This election has gone on way too long, with way too many details. We have tax cut proposals, health care proposals, Wall Street bailout plans, mortgage bailout plans and who knows how many other schemes to spend your money. It is so complicated that we’re all tempted to throw up our hands!

The candidates’ proposals are so detailed, that it’s hard to see the forest for the trees. That’s why it is so important to take a big step back so you CAN see the forest, and get a sense of the big picture that each of the candidates is painting.

The one thing we’ve all learned – the hard way – in the last month is that you can’t keep the party going forever. Americans have borrowed too much money for the last twenty years, as individuals, as businesses and as a government. We’ve bought things on credit – be it houses, stocks, flat screen TV’s, or government programs. We’ve been on a spending binge. And, like all binges, eventually you wake to face reality – usually with a whopper of a hangover.

The second thing we’ve learned is that if something seems too good to be true, it probably is. Haven’t you asked yourself in the last year or so, how could home prices could keep going up? How you could have such constantly rising 401K plan without having to add much to it? How 20 somethings on Wall Street could be making such huge salaries right out of college? How borrowing money could be so easy?

Didn’t we all have a nagging thought, buried in the back of our minds, that there was something unreal about it all?

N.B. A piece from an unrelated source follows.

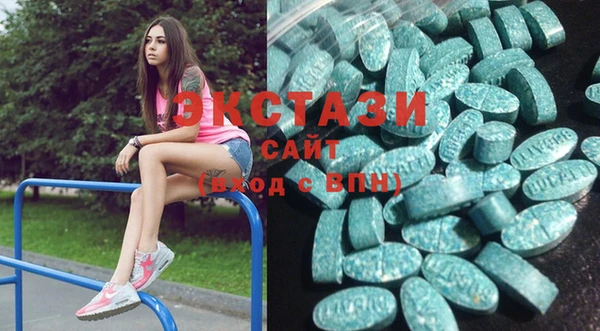 хмурый Ельня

That nagging thought was your common sense telling you that something didn’t add up. But it turns out that common sense isn’t so common since most of us didn’t heed it. My favorite was when my one year old was sent a credit card, addressed to her, offering a program so she could charge now but pay nothing back for months. Right.

So the party’s over. And we have two very different presidential candidates – each of whom promises to get us out of this mess by cutting taxes and increasing programs. But how can we pick out way through this maze of programs and promises? Do either of their programs make sense?

After analyzing the candidates proposals for health care, social security, taxes, and economic stimulants, I’ve concluded that when you strip away all the mind-numbing specifics, all the spin and fancy talk, McCain and Obama have two opposing philosophies about America’s economic pie– how big it is and who gets how much of it. Both candidates want to increase the size of the pie. Both want to change who in our society gets what sized pieces of the pie. But they approach it from different angles.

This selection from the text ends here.